Washing Your Dirty Jeans: The Weird, The Easy, and The Obvious
Jean connoisseurs all over the world have injected their 2 cents into the great denim washing debate. CEOs, fashion moguls, laundry pros, scientists, and mainstream America have all voiced their positions on this one question: How often should you wash your jeans?
You’ve probably been wearing jeans your entire life and washing them if, when, and how you please thankyouverymuch. That’s totally okay! What’s interesting is that an overwhelming majority say not to. Not once. Not ever. The only reason would be extenuating circumstances such as life threatening funk. Read on!
There’s one thing we need to specifically address before this article goes any further. A dedicated fan base to that which is called raw denim exists. You could be a member or not. Without getting into raw denim’s history, love fests, and internet analyses floating around online, we’ll give you the quick and dirty on the difference between raw denim and regular denim.
Raw denim is also called “dry denim”, where the indigo dye hasn’t gone through the same pre-washing or treatment process like regular denim. Jeans are stiff and extra dark because the dye job is still raw, and tend to be on the expensive side.
The draw is that these types of jeans will adapt to the wearer – fading, creasing, contouring, and stretching to the body and forming its own wash pattern. You’re breaking them in like a new pair of shoes. Washing them any time before six months – or at all – can disrupt this natural process for the life of the jeans.
According to raw denim enthusiasts, without a washing, the fiber and dye breaks down on its own, which is a good thing. Where it gets sort of gray is trying to discern truth from urban legend. Pieces of raw denim advice state that if the smell gets to you, freeze them or spray them. If it’s the roughness that bothers you, run into the salty ocean, but for Pete’s sake, don’t put them in the machine! If you do decide to wash them, do it by hand and hang them to dry.
Some people have one pair they wear every day, others have more than one. If you want to know more, there are numerous blogs devoted solely to raw denim. Regular denim on the other hand, has been dyed, pre-washed, and treated, and can come in styles that can resemble raw denim. You buy ‘em, wash ‘em, wear ‘em, and get on with it. If your $10 pair gets faded or damaged there are no 5 stages of grief.
Now that we know what raw denim is, we’ll get into washing your denim, raw or regular.
1. When to wash? If you want to follow the rules of the raw denim school, then the rule of thumb is no washing for the first six months after purchase. Other than that, it’s up to you. There are masses of people who choose to go for months or years without washing their jeans at all, and that’s fine too.

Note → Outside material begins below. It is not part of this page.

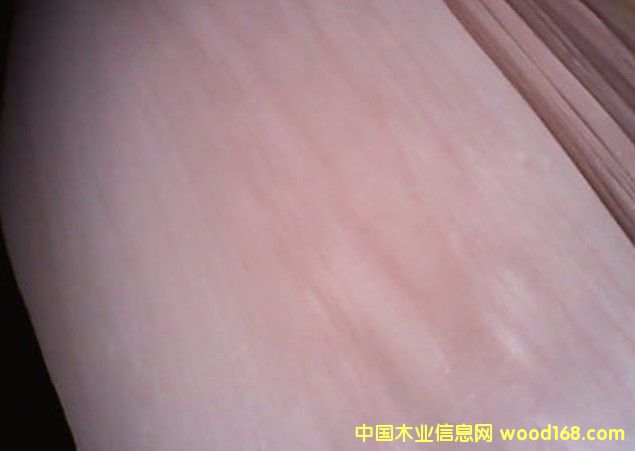 �sľ�ȸ��N�ΰ�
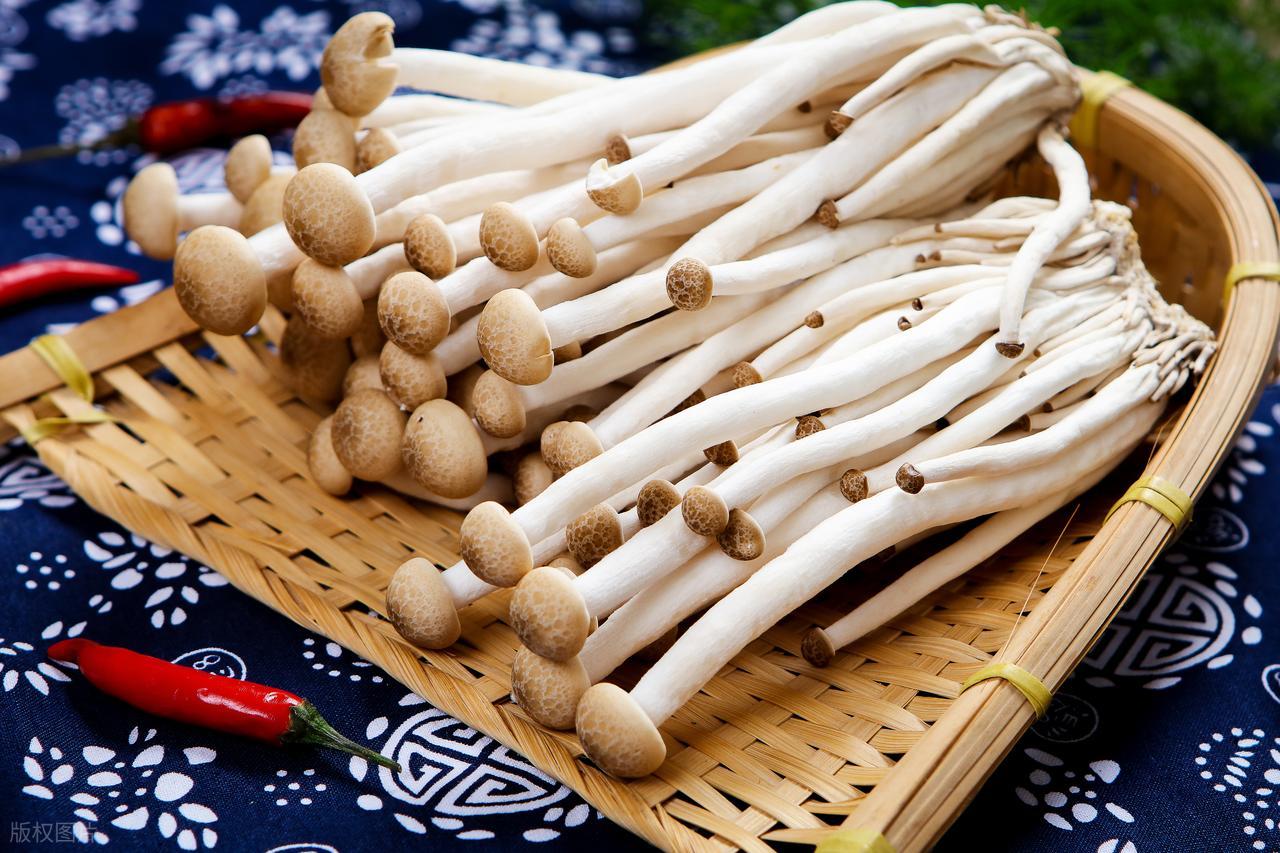 晚餐，多吃这几种碱性食物，隔天体重下降超快 (http://www.busunion.cn/) xiami 第5张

2. For the non-wash campers who want to get rid of odors: Freezing doesn’t always do the job. Instead, using a fabric freshener or a soak in a tepid water-white vinegar bath should do the trick. Air dry. With stains, use a damp sponge or magic eraser to blot.

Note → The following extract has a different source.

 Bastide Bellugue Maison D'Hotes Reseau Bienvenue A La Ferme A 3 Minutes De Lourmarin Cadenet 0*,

3. When washing by hand, use warm or cold water and place them in the tub or sink. You can either use a little bit of mild detergent or go without any soap. Take note that there are special soaps formulated for black and other dark garments, and word is they that actually work quite well.
4. For washing your jeans in machines, always turn them inside out. Cold water on the gentlest cycle your machine offers is recommended to help prevent fading, wear, and tear. But some of you may actually prefer it that way. Your call!

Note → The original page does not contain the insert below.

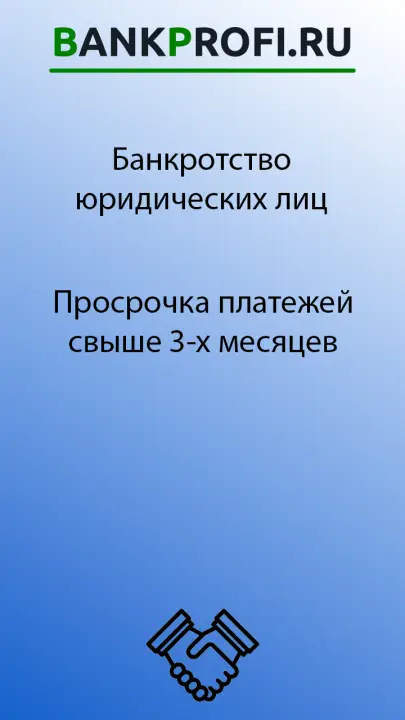 Просрочка платежей свыше 3 месяцев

5. All denim washing schools recommend to line or hang dry, letting them air out without the risk of the heat from a dryer shrinking or killing them altogether.
What about bacteria and germs? There’s a study that’s been cited among raw denim wearers that supports the case of bacteria not being an issue. A college kid wore his jeans for 15 months, and checked the bacteria load prior to their first wash. Two weeks later he repeated the test on the same pair and compared the amounts of bacteria before and after. There was no significant difference, but we’re confident that he also wore clean underwear.
So, feel comfortable in your jeans no matter how many times you wash them, or if you don’t wash them at all. How about you? Do you have any jean washing rituals?